Common Dolphin - Alan Keatley
It was a good year for breeding Common Toad with hundreds of toadlets present around the Main Pond on 30 Apr, with masses of young toads throughout the meadows and woodland. This provided a useful food source for breeding birds especially Moorhen and Blackbird. Common Frog remain scarce but have become numerous over recent years with a few individuals seen from 4 Mar. The only newts seen were presumed Smooth Newt seen on occasion when caught by Little Grebe on the Main Pond.

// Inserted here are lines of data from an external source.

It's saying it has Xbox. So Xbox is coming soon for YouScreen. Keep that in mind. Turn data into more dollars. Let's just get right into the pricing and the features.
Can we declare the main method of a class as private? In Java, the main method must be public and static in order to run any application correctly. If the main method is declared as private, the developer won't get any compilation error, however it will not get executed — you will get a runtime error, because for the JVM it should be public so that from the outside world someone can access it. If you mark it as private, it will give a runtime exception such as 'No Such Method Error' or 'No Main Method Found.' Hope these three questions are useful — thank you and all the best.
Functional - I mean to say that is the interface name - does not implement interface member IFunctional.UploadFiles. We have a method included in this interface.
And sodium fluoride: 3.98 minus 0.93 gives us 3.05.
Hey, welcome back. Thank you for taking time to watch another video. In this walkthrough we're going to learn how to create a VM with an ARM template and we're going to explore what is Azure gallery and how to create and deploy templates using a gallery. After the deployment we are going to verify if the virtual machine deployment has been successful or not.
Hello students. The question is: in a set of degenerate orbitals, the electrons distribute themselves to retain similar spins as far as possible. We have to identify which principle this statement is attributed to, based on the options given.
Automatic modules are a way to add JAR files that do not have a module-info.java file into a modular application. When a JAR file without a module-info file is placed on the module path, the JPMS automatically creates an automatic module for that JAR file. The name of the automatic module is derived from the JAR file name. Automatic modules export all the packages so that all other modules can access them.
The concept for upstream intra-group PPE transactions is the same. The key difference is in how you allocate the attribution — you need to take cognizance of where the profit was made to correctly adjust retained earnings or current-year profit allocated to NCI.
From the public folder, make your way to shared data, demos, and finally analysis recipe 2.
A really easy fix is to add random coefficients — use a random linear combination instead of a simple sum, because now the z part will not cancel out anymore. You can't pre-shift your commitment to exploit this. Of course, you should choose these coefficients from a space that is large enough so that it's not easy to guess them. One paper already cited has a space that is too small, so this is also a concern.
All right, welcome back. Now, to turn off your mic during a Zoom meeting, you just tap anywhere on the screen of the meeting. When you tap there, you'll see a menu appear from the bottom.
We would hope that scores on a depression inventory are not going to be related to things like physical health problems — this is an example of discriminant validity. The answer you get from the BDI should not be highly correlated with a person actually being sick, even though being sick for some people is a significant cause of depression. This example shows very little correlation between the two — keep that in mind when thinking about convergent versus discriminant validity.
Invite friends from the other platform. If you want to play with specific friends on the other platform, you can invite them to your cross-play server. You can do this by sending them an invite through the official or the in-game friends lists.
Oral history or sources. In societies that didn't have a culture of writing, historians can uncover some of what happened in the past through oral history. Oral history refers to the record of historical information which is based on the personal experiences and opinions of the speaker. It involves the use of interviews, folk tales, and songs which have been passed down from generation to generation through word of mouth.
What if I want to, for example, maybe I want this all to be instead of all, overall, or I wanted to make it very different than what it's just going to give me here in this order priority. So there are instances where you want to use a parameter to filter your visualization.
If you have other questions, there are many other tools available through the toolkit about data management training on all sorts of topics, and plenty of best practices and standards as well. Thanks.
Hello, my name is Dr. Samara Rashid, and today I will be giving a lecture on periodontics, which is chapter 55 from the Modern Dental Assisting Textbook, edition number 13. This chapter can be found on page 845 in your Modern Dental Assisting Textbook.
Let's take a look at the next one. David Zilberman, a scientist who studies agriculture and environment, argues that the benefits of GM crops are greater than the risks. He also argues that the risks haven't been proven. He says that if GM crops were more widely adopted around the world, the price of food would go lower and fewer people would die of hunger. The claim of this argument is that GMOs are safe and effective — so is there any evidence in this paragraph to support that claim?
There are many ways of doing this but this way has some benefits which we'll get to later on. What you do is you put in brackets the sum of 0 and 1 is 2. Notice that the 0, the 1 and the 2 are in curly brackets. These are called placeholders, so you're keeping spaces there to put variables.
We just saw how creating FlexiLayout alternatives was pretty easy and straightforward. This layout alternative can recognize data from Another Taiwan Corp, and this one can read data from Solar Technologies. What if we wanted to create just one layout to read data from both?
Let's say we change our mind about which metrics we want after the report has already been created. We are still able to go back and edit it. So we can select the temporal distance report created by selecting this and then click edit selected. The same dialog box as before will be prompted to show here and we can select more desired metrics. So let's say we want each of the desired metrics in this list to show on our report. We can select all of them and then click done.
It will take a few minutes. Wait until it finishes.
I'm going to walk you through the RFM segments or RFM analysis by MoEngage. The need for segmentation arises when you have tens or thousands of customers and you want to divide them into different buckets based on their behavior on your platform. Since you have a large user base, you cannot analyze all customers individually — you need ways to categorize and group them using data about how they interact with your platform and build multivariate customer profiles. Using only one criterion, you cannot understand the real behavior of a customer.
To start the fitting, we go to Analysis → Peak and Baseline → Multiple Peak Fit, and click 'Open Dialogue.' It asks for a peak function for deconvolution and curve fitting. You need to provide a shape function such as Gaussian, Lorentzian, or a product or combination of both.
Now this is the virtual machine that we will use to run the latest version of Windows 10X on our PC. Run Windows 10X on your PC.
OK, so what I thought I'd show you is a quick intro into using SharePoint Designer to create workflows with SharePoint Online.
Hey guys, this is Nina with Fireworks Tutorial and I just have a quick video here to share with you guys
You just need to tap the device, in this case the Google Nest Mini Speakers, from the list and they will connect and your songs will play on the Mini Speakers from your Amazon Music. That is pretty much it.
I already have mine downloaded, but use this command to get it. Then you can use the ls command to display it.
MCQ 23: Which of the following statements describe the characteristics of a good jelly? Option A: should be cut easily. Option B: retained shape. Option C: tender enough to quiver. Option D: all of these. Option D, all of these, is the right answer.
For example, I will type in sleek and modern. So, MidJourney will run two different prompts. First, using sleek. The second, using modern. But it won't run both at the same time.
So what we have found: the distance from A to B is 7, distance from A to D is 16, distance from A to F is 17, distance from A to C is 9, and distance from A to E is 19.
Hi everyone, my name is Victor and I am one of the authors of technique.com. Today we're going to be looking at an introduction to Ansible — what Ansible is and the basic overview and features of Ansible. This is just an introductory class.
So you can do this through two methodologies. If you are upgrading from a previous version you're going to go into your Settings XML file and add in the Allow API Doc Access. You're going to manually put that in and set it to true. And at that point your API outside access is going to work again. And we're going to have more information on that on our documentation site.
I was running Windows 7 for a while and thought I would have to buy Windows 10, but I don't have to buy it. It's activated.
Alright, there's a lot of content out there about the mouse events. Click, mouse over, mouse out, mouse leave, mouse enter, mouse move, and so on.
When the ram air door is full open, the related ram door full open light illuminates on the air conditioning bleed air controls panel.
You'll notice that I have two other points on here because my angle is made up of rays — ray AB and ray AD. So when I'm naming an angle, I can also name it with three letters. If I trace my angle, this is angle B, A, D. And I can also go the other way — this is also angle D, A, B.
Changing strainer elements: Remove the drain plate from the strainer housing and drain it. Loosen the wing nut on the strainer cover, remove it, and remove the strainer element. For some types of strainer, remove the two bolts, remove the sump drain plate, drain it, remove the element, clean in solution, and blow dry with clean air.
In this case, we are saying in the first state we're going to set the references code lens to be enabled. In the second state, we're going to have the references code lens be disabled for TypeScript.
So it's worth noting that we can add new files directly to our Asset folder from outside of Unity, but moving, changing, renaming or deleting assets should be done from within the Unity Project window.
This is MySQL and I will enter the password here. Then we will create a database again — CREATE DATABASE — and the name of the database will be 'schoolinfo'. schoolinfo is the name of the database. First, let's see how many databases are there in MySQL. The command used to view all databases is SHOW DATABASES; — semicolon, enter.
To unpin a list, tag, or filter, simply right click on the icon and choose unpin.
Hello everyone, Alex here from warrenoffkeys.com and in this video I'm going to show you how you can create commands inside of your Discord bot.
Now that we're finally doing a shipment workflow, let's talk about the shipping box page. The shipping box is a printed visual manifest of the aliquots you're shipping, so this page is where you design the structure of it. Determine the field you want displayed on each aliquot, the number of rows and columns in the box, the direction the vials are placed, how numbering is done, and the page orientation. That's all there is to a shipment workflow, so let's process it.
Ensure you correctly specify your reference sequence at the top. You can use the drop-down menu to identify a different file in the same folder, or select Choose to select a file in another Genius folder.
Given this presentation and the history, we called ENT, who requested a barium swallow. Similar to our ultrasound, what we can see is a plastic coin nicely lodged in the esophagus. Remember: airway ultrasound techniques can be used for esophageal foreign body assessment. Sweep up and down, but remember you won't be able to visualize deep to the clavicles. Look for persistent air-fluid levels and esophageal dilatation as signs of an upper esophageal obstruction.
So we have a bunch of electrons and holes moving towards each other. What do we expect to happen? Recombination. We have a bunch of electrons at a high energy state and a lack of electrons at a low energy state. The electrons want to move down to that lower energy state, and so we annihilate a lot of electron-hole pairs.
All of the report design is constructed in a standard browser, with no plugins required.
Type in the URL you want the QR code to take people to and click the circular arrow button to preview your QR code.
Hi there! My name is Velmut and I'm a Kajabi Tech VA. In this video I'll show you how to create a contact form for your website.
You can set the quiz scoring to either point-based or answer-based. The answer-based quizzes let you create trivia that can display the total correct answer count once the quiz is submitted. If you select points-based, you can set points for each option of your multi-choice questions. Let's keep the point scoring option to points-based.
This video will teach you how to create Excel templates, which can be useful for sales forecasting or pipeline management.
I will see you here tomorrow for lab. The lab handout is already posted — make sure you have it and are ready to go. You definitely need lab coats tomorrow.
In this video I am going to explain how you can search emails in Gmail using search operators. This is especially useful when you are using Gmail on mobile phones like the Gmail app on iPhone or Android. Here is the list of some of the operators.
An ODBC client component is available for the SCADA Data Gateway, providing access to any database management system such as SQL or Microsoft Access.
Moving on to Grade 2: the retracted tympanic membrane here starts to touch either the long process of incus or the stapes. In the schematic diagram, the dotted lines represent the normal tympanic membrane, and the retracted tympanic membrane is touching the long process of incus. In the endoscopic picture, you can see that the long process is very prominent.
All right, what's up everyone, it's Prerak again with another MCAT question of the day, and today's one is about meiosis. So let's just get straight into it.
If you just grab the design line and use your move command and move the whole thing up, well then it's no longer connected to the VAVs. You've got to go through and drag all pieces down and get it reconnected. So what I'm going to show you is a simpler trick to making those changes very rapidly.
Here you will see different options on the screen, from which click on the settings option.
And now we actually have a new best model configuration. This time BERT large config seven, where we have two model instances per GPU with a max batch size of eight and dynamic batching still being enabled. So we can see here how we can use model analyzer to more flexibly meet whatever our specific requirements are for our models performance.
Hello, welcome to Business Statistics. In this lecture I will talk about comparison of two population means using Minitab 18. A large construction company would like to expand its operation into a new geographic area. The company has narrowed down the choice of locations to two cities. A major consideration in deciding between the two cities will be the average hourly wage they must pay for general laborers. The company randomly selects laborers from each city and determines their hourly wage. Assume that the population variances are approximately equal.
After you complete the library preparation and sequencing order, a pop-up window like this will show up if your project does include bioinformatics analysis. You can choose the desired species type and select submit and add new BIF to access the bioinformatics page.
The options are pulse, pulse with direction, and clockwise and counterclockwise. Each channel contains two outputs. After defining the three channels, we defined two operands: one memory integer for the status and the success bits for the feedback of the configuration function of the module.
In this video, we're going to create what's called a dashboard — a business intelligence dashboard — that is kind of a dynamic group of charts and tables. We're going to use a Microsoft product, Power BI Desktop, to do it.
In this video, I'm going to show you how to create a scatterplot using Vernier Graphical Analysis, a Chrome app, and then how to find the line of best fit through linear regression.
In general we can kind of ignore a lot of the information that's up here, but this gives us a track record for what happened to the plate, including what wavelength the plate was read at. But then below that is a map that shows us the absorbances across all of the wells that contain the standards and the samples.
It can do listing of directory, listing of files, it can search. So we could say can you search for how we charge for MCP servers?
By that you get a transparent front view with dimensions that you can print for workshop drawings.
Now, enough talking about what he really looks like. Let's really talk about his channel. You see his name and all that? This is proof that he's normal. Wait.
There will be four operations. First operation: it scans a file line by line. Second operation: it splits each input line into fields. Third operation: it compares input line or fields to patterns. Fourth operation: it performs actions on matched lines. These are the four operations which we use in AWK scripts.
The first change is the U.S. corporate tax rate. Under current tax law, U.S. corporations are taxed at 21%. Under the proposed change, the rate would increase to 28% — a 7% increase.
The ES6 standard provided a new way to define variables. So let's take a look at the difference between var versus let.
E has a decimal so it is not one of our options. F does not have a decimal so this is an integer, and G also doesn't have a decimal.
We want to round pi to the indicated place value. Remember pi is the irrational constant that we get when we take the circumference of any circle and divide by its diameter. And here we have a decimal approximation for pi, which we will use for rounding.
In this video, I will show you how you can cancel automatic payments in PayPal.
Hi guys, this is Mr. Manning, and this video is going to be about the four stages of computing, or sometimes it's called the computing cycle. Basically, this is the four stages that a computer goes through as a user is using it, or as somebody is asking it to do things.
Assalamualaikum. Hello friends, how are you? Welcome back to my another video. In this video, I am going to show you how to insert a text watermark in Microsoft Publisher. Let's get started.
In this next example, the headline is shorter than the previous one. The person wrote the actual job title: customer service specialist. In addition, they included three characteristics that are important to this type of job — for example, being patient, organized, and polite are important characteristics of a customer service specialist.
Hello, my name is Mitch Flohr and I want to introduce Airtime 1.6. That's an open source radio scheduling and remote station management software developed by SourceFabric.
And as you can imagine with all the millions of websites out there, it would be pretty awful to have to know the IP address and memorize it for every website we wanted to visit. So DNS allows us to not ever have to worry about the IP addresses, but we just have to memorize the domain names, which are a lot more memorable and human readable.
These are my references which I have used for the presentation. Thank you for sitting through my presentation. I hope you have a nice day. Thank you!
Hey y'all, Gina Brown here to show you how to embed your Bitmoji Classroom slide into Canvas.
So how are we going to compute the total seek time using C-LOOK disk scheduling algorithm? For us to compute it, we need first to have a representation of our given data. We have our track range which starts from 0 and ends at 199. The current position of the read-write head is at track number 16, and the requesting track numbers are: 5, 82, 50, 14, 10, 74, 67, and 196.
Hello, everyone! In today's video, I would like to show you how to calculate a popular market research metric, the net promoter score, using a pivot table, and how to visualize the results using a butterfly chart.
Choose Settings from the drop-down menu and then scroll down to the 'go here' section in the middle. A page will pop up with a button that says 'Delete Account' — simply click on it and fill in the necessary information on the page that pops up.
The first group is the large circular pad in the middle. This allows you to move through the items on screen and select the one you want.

The warm, dry conditions favoured two of the Warren's lizard species. The first Sand Lizard were out of hibernation on the early date of 17 Feb with Common Lizard first reported on 12 Mar.
Sand Lizard - Alan Keatley
Sightings of Sand Lizard were made throughout the summer, in low numbers but on the hottest days retreated to cover. Common Lizard prefer the more vegetated areas, and one on the late date of 28 Oct was most likely seeking a place to hibernate.
Common Lizard - Alan Keatley
There were no sightings of Slow-worm this year, their favoured food of slugs, snails and earthworms impacted by the conditions.
Some observations, not unexpectedly come from fish caught by predators with terns, Osprey, and Kingfisher helping out. Others are seen in situ, via fishermen or found washed up on the beach.
A Dab was providing a meal for a Cormorant on 15 Jan, with Greater Pipefish doing the same for a Shag on 2 May. At the Main Pond, Rudd were attracting Kingfisher and Grey Heron and also provided food for growing Little Grebe chicks. Back offshore lots of Lesser Sandeel were being caught by Sandwich Tern from 7 Jul to feed their accompanying juveniles, whilst in the estuary the larger Thick-lipped Grey Mullet caught the eye of hunting Ospreys.
Common Sprat - Kevin Rylands
Other sea fish recorded included Lesser-spotted Dogfish, Sea Bass, Plaice and Flounder, with Starry Smooth-hound feeding in the estuary shallows on 22 Sep. Large numbers of Common Sprat were present in late September, drawing in large numbers of gulls. The highlight though was an Atlantic Bluefin Tuna breaching offshore on 7 Aug, continuing the recent sightings of this impressive fish.